U.S. Senator Benjamin Hawkins, Later Emissary to American Indians in the Southeast

On August 15, 1754, Benjamin Hawkins, politician and agent for Indian affairs south of the Ohio River, was born in Warren County.

Proficient in French, the young Hawkins was studying at what’s now Princeton University when General George Washington recruited him to serve as an interpreter on his field staff. Hawkins served in the Continental Congress in the years between the Revolutionary War and the adoption of the federal constitution. After ratification, Hawkins became one of North Carolina’s first two U.S. Senators.

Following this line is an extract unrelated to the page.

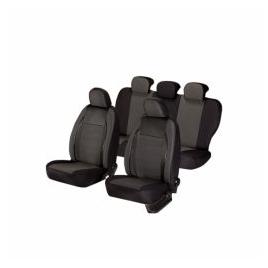 Huse scaune auto BMW SERIA 1 E81 2003-2012 dAL Elegance Negru Piele ecologica + Textil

From an early age Hawkins was interested in the welfare of American Indians. In 1785, he was appointed a commissioner to negotiate with Cherokees and other Southern Indians, leading to the Treaty of Hopewell. Soon thereafter he worked with the Choctaws, Chickasaws, and Creeks.

In 1796, President Washington appointed Hawkins Principal Temporary Agent for Indian Affairs South of the Ohio River. He chose to live among the Creek Indians in central Georgia. From that point forward, Hawkins’s life was dedicated entirely to Indian affairs, though the War of 1812 interrupted his efforts. British emissaries provoked discontent with Creeks and other Indians farther to the west, leaving Hawkins bitterly disappointed with the war and its course.

He died in Crawford County, Georgia in 1816.